The prompts table records every prompt submitted by a user to an AI system. Each row contains a user_id, the prompt text itself, and the number of tokens consumed by that prompt.

The task is to analyze prompt usage on a per-user basis and return only users who satisfy two separate conditions.

First, the user must have submitted at least three prompts. This means we need to count how many rows belong to each user and filter out users with fewer than three submissions.

Second, the user must have at least one prompt whose token count is strictly greater than that user's own average token usage. The comparison is not against a global average, but against the average calculated only from that user's prompts.

For every qualifying user, we must output:

user_id
prompt_count, the total number of prompts submitted
avg_tokens, the average number of tokens per prompt rounded to two decimal places

The final result must be sorted by:

avg_tokens in descending order
user_id in ascending order when averages are equal

The input is a relational table rather than an array or graph. This is a SQL aggregation problem where we need to compute per-user statistics and then filter users based on those statistics.
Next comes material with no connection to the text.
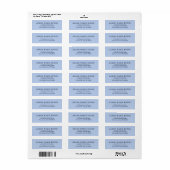 Soft Sky Blue - Stylish Return Address Labels ラベル (フルシート)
An important observation is that if a user has multiple prompts and not all prompt token values are identical, then at least one prompt must be greater than the average. Conversely, if every prompt has exactly the same token count, then no prompt is greater than the average. The query therefore needs to verify the existence of a prompt with tokens > average_tokens_for_that_user.

Important edge cases include users with exactly three prompts, users whose prompts all have identical token counts, users with only one or two prompts, and users whose average is a non-integer value requiring rounding in the output.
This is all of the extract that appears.